Przed spotkaniem w Waszyngtonie drużyna z Dallas wygrała tylko jedno spotkanie w sezonie, przegrywając ich aż 10. Mimo to, w stolicy USA Mavericks wygrali pewnie. Jeszcze przed przerwą goście rzucili aż 64 punkty i mieli o 11 "oczek" więcej od Wizards. W drugiej części gry zespół Ricka Carlislego powiększył przewagę i odniósł drugie zwycięstwo w obecnych rozgrywkach.
Wygrana nie pozwoliła jednak Dallas wydostać się z dna ligowej tabeli. Mavs z bilansem 2-10 wciąż zajmują 15. miejsce w konferencji zachodniej. Wizards z pięcioma zwycięstwami i pięcioma porażkami są na siódmej pozycji na wschodzie. W przegranym meczu z drużyną z Dallas zagrał Marcin Gortat. Polak rzucił osiem punktów i miał pięć zbiórek.
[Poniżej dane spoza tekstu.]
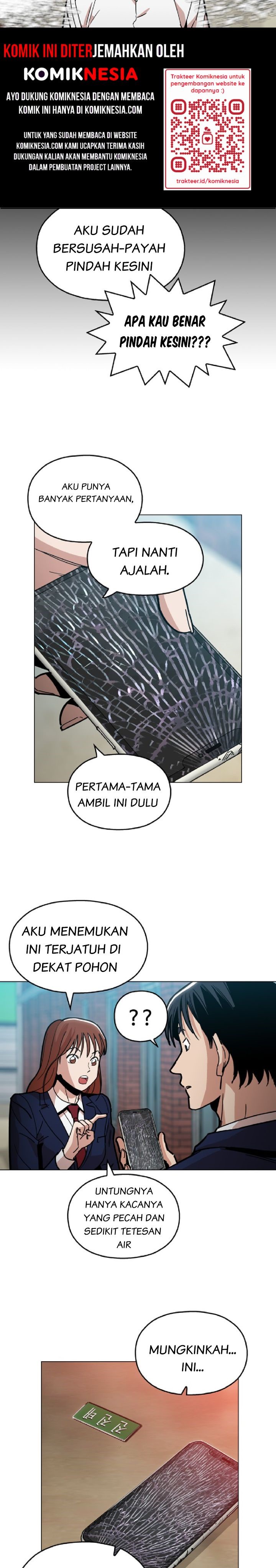 Age of Barbarism (The Age of Cruelity) Chapter 08 Gambar 13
Ważne zwycięstwo na wschodzie odnieśli koszykarze Clevland Cavaliers. Wicemistrzowie NBA, którzy źle rozpoczęli obecny sezon, pokonali Milwaukee Bucks 124:119. Gościom nie pomogło aż 40 punktów rzuconych przez Giannisa Antetokounmpo. Clevland do zwycięstwa poprowadzili Kevin Love oraz LeBron James, którzy rzucili odpowiednio 32 i 30 punktów. Cavs mają bilans 5-6 i wyprzedzili Bucks (4-6), którzy przegrali czwarte spotkanie z rzędu.
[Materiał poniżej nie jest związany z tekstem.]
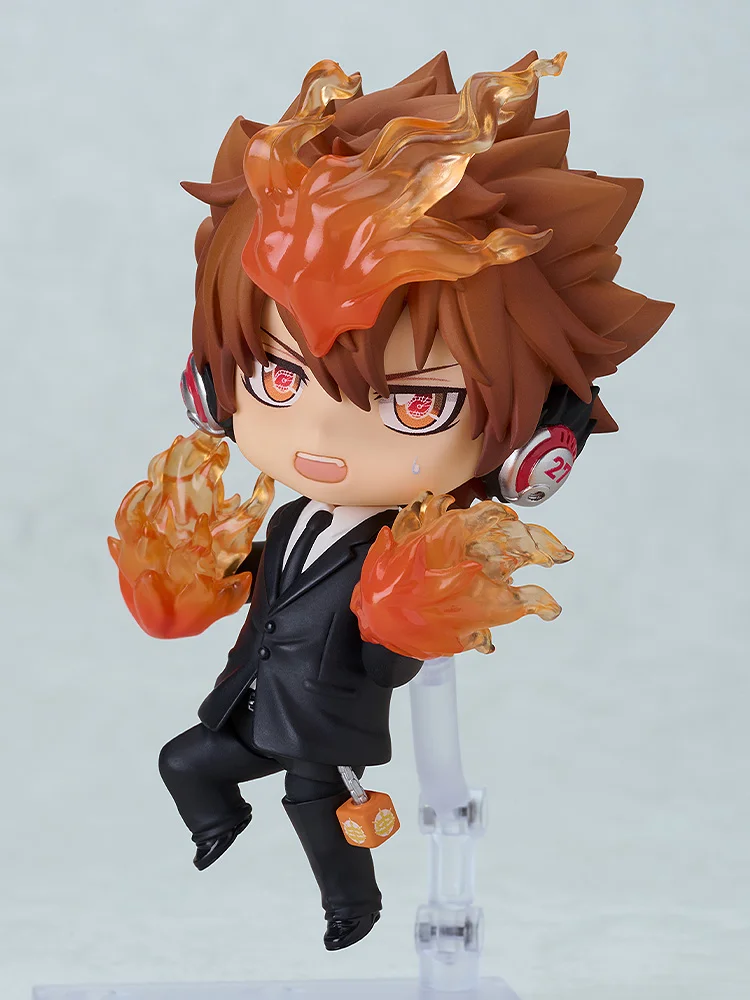 sawada 4 Nendoroid 2950: Tsunayoshi Sawada - Katekyo Hitman REBORN!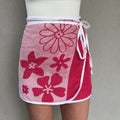 Pink Paradise Reversible Skirt (10-12)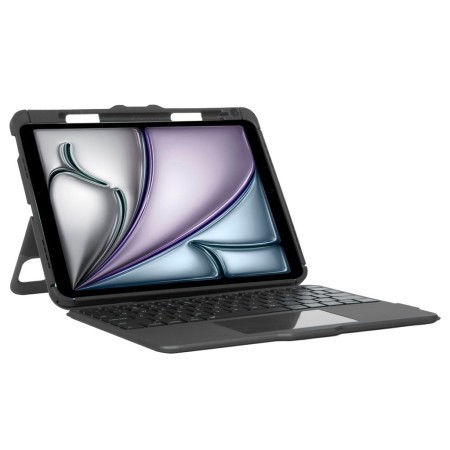 Targus VersaVu AZERTY Belgijski Bluetooth Czarny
Spory zawód swoim kibicom sprawili zawodnicy Oklahoma City Thunder. Drużyna Billy'ego Donovana przegrała z Sacramento Kings 94:86 i jest to trzecia jej porażka z rzędu. Thunder z bilansem 4-6 zajmują dopiero 12. miejsce w tabeli konferencji zachodniej. W nocy z wtorku na środę polskiego czasu najbardziej rozczarowało gwiazdorskie trio - Russell Westbrook, Carmelo Anthony i Paul George mieli wspólnie zaledwie 15 skutecznych (z 44 rzutów) z gry.